After he died, a few statues of him were put up. Now it is time to take them down, says Baltimore’s mayor.
Age of miracles
We live in an age of miracles, of course.
Negative interest rates…money out of the air…the election of Donald J Trump to the highest office in the land — things that we took for absurd a few years ago we now take for granted.
We take for granted, too, that our officials are miracle workers…and that we live among the gods themselves in an economy that never takes a breather…a stock market that only goes up…and something for nothing until Hell freezes over.
President Trump seemed to wonder how we could be so ungrateful. He used the occasion of his condemnation of the violence in Charlottesville to remind Americans how lucky they are:
‘We are renegotiating trade deals and making them good for the American worker. And it’s about time. Our economy is now strong. The stock market continues to hit record highs, unemployment is at a 16-year low, and businesses are more optimistic than ever before. Companies are moving back to the United States and bringing many thousands of jobs with them. We have already created over 1 million jobs since I took office.’
Land of gods
But America’s president is sui generis…practically a walking miracle.
In the wake of Charlottesville, Ken Frazier, CEO of pharmaceutical giant Merck, resigned from the president’s American Manufacturing Council.
Frazier said his decision is ‘a matter of personal conscience’ and ‘a stand against intolerance and extremism.’
Another president might have responded to the issues — his own connections to the alt-right, for example. Or the allegations against him of racism.
Not Mr Trump. He understands better than his predecessors that in the land of myths and gods, logical argument is unnecessary.
His response via Twitter:
‘Now that Ken Frazier of Merck Pharma has resigned from President’s Manufacturing Council, he will have more time to LOWER RIPOFF DRUG PRICES!’
Ya gotta love him.
But taking credit for the economy and the stock market is a dangerous thing for the president to do. They are likely to blow up in his face.

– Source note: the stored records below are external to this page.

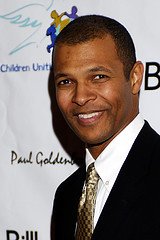 Фото - Гарон Грисби: 160x240 / 11 Кб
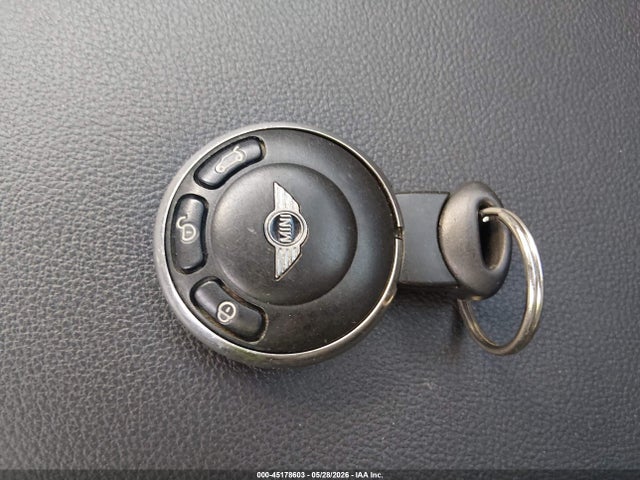 Продаж на аукціоні авто 2012 Mini Cooper Clubman, vin: WMWZF3C5XCT489215, номер лоту: 45178603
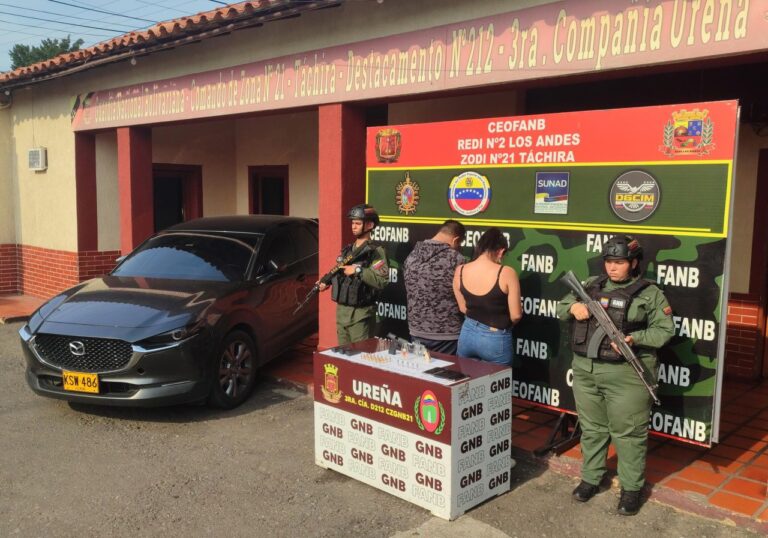 Detienen a pareja colombiana en el puente de Ureña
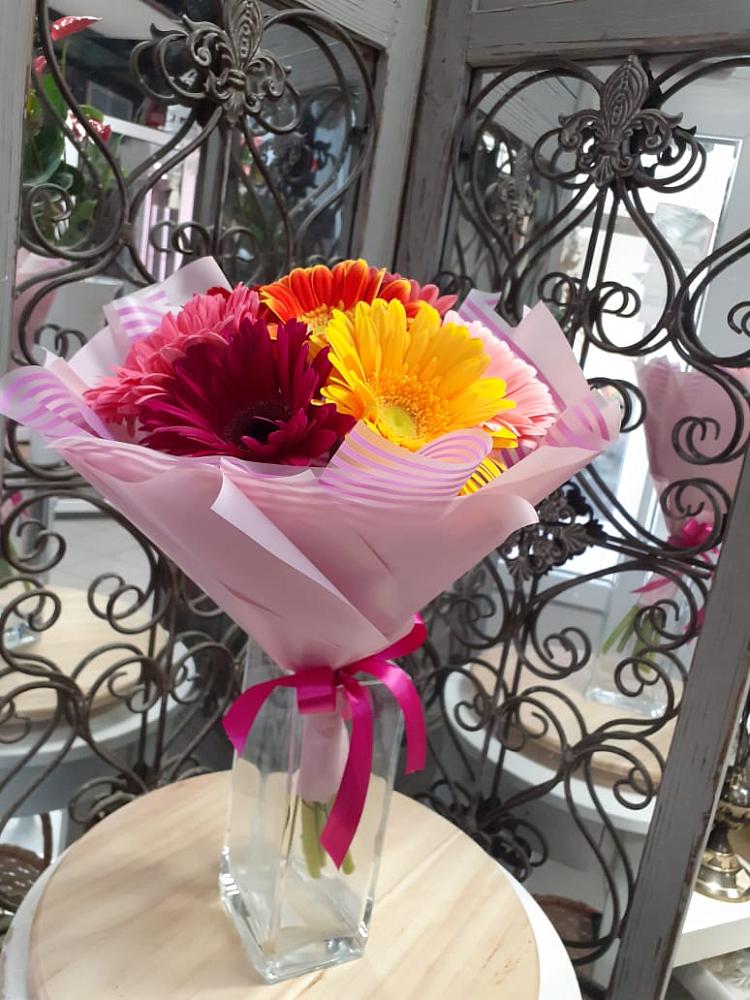 Букет цветов из: Герберы в Пришибе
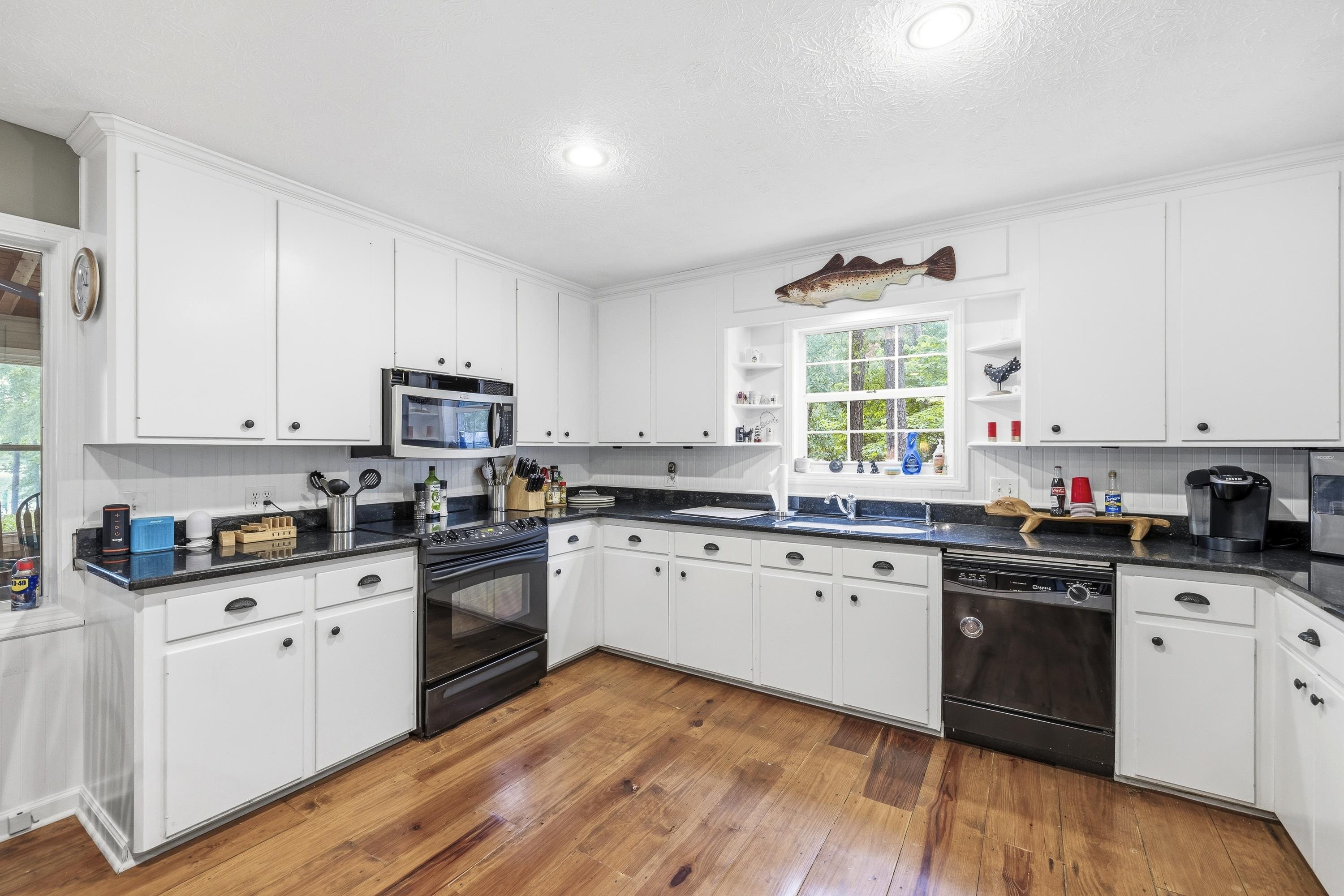 1010 HOLMES DRIVE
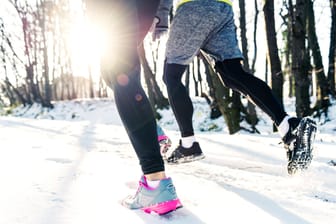 Jogger im Schnee: Im Winter ist ein gutes Schuhwerk das A und O beim Lauftraining.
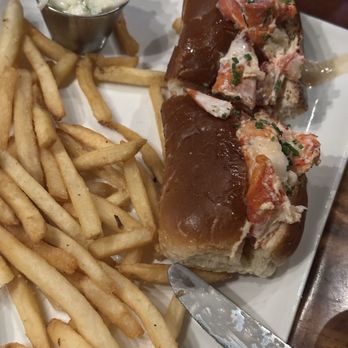 The Cove - Lobster roll - Seafood Near Me - Deerfield Beach, Florida The Cove - Lobster roll - Seafood Near Me - Deerfield Beach, Florida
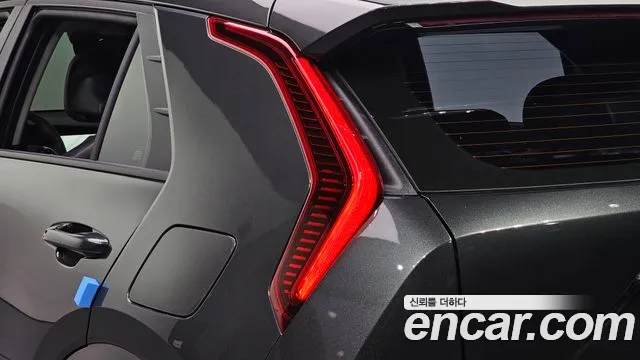 Kia Niro — фото 23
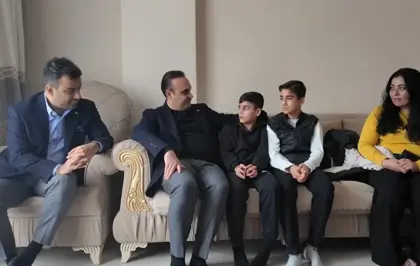 Bakan Kacır'dan İstanbul'da buldukları altını sahibine teslim eden çocuklara ziyaret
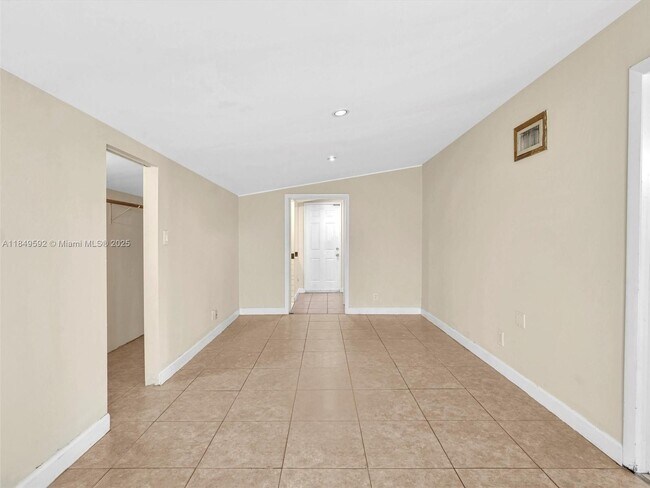 Building Photo - 5611 SW 37th St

In June, we entered the ninth year of economic expansion. Next month brings us to 99 months without a recession.
Typically, since the Second World War, a boom ends before it has gone on for 59 months. Only twice have they lasted for longer than the present one.
A recession cannot be far off. When it comes, the stock market will go down in sympathy. Then, Mr Trump’s statue might be hauled off, too, before it is ever put up.